A situação na Turquia hoje é um exemplo perfeito de como, quando islamistas, moderados ou não, governam um país, até mesmo as liberdades mais fundamentais são revogadas. O selo de aprovação do imenso fracasso do que o Presidente dos EUA Barack Obama certa vez chamou de "próspera democracia muçulmana" veio do juiz mais importante do país.
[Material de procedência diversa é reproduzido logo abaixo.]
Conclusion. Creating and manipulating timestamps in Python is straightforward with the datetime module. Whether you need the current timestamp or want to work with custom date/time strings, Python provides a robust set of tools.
Hasim Kilic, Presidente da Corte Constitucional da Turquia, ele próprio conservador, afirmou recentemente que "um clima de medo tomou conta da Turquia", conclamando os turcos a "resistirem e não desistirem".
Não é tão simples assim.
Quando cidadãos turcos, revoltados, tomaram as ruas para protestar contra o Partido da Justiça e do Desenvolvimento [AKP] e se confrontaram com a extrema violência policial no ano passado, Mehmet Ali Sahin, vice-presidente do AKP (Ex-Ministro da Justiça e do Parlamento) propôs que milhões de manifestantes fossem condenados à prisão perpétua com base no Artigo 312 do Código Penal turco, que dispõe que "qualquer um que tentar depor o governo ou evitar que ele exerça parcial ou totalmente suas funções, deverá ser punido com prisão perpétua com pena agravada".
Ethem Sarisuluk, uma das dezenas de vítimas dos "protestos de Gezi" que, de acordo com uma nítida gravação de vídeo, foi atingido e morto por um policial. Sarisuluk, 26, atingido na cabeça, estava desarmado.
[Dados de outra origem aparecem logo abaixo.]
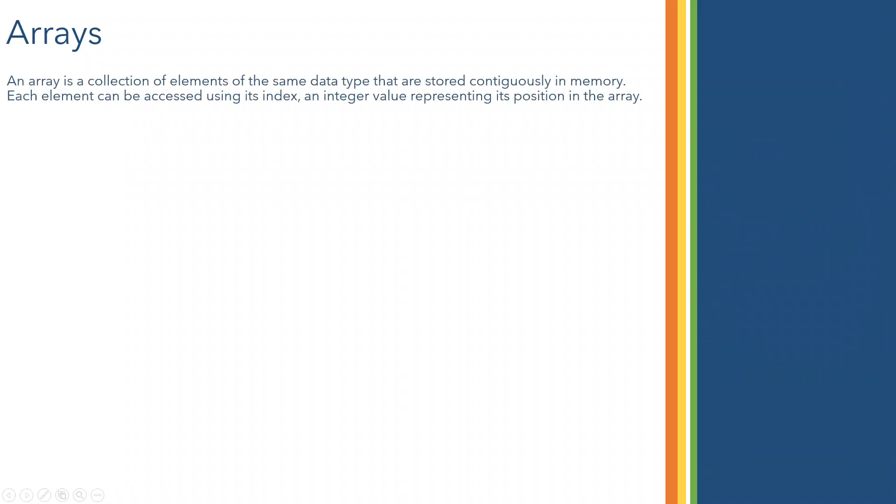So now array. Array is a common data structure. It is a collection of elements of the same data type that will be stored contiguously in the memory. You can access each element using its index. Index will be represented as a position in the array. We will see that actually.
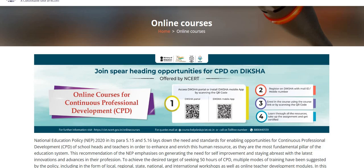In this context, NCERT is offering online CPD courses to help teachers gain the best in the given time they have, at a pace of their own, as per their interest and convenience. Let's see all the various courses available for continuous professional development on the Diksha platform, offered by NCERT Ministry of Education.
Após passeatas e mais protestos, as autoridades concordaram em trazê-lo à justiça. Em uma audiência recente, o policial foi sentenciado a sete anos e meio de prisão por ter matado o manifestante, de forma não premeditada. Decepcionada, a família de Sarisuluk, irá apelar da sentença. Mas parece que perder um filho por um tiro disparado por um policial não foi desgraça suficiente para a família.
Em uma das audiências, sempre tensas, os pais e irmãos de Sarisuluk gritavam e xingavam e, de acordo com o réu, "o ameaçaram e o feriram levemente em uma briga". O policial apresentou uma queixa no Ministério Público, exigindo que a família de Sarisuluk fosse processada. O policial apresentou a queixa diante do veredito do seu próprio caso. Recentemente os Sarisuluks tiveram que se apresentar perante um juiz, como réus.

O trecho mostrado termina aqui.